The records that follow are to be transcribed exactly.

++++++++++++++++++++

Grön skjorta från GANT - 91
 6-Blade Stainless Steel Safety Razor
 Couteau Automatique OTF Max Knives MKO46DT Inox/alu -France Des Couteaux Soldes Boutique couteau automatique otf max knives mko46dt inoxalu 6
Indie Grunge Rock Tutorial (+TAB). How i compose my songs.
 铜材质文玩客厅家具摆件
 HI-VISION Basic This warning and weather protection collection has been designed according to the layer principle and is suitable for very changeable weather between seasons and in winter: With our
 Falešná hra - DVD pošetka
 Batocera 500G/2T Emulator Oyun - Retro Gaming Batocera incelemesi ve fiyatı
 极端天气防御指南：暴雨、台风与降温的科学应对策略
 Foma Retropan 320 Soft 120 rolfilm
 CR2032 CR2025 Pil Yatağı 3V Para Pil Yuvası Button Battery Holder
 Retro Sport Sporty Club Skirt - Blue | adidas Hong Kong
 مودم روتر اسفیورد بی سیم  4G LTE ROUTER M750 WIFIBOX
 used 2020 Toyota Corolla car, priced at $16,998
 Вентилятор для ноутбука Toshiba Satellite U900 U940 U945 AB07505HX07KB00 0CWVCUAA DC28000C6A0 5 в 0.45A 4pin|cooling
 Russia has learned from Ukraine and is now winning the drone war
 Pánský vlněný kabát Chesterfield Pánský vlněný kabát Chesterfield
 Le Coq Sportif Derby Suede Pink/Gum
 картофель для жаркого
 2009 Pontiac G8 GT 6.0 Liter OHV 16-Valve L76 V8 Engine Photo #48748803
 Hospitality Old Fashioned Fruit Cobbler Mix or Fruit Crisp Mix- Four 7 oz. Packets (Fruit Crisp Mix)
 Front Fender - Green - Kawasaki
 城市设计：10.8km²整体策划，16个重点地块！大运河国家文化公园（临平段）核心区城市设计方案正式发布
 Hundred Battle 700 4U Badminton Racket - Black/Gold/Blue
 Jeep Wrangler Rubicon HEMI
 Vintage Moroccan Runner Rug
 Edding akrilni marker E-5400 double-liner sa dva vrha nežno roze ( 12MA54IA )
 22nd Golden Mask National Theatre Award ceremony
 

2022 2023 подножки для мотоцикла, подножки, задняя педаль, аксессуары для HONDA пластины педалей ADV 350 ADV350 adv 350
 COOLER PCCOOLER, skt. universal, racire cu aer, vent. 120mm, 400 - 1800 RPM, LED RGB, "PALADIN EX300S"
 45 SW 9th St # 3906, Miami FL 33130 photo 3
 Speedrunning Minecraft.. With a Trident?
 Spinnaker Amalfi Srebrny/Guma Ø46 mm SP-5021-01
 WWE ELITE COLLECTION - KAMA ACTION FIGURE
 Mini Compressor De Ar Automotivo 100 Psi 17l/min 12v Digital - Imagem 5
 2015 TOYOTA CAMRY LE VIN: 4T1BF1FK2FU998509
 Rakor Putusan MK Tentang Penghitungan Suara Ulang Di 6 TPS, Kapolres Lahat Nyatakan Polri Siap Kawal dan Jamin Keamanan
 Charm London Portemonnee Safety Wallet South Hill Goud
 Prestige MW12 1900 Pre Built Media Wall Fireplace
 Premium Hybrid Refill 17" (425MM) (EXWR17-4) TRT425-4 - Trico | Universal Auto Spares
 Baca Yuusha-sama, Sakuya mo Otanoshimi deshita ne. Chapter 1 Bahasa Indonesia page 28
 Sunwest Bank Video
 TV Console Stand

++++++++++++++++++++

== Output for this task ==
Grön skjorta från GANT - 91
 6-Blade Stainless Steel Safety Razor
 Couteau Automatique OTF Max Knives MKO46DT Inox/alu -France Des Couteaux Soldes Boutique couteau automatique otf max knives mko46dt inoxalu 6
Indie Grunge Rock Tutorial (+TAB). How i compose my songs.
 铜材质文玩客厅家具摆件
 HI-VISION Basic This warning and weather protection collection has been designed according to the layer principle and is suitable for very changeable weather between seasons and in winter: With our
 Falešná hra - DVD pošetka
 Batocera 500G/2T Emulator Oyun - Retro Gaming Batocera incelemesi ve fiyatı
 极端天气防御指南：暴雨、台风与降温的科学应对策略
 Foma Retropan 320 Soft 120 rolfilm
 CR2032 CR2025 Pil Yatağı 3V Para Pil Yuvası Button Battery Holder
 Retro Sport Sporty Club Skirt - Blue | adidas Hong Kong
 مودم روتر اسفیورد بی سیم  4G LTE ROUTER M750 WIFIBOX
 used 2020 Toyota Corolla car, priced at $16,998
 Вентилятор для ноутбука Toshiba Satellite U900 U940 U945 AB07505HX07KB00 0CWVCUAA DC28000C6A0 5 в 0.45A 4pin|cooling
 Russia has learned from Ukraine and is now winning the drone war
 Pánský vlněný kabát Chesterfield Pánský vlněný kabát Chesterfield
 Le Coq Sportif Derby Suede Pink/Gum
 картофель для жаркого
 2009 Pontiac G8 GT 6.0 Liter OHV 16-Valve L76 V8 Engine Photo #48748803
 Hospitality Old Fashioned Fruit Cobbler Mix or Fruit Crisp Mix- Four 7 oz. Packets (Fruit Crisp Mix)
 Front Fender - Green - Kawasaki
 城市设计：10.8km²整体策划，16个重点地块！大运河国家文化公园（临平段）核心区城市设计方案正式发布
 Hundred Battle 700 4U Badminton Racket - Black/Gold/Blue
 Jeep Wrangler Rubicon HEMI
 Vintage Moroccan Runner Rug
 Edding akrilni marker E-5400 double-liner sa dva vrha nežno roze ( 12MA54IA )
 22nd Golden Mask National Theatre Award ceremony
 

2022 2023 подножки для мотоцикла, подножки, задняя педаль, аксессуары для HONDA пластины педалей ADV 350 ADV350 adv 350
 COOLER PCCOOLER, skt. universal, racire cu aer, vent. 120mm, 400 - 1800 RPM, LED RGB, "PALADIN EX300S"
 45 SW 9th St # 3906, Miami FL 33130 photo 3
 Speedrunning Minecraft.. With a Trident?
 Spinnaker Amalfi Srebrny/Guma Ø46 mm SP-5021-01
 WWE ELITE COLLECTION - KAMA ACTION FIGURE
 Mini Compressor De Ar Automotivo 100 Psi 17l/min 12v Digital - Imagem 5
 2015 TOYOTA CAMRY LE VIN: 4T1BF1FK2FU998509
 Rakor Putusan MK Tentang Penghitungan Suara Ulang Di 6 TPS, Kapolres Lahat Nyatakan Polri Siap Kawal dan Jamin Keamanan
 Charm London Portemonnee Safety Wallet South Hill Goud
 Prestige MW12 1900 Pre Built Media Wall Fireplace
 Premium Hybrid Refill 17" (425MM) (EXWR17-4) TRT425-4 - Trico | Universal Auto Spares
 Baca Yuusha-sama, Sakuya mo Otanoshimi deshita ne. Chapter 1 Bahasa Indonesia page 28
 Sunwest Bank Video
 TV Console Stand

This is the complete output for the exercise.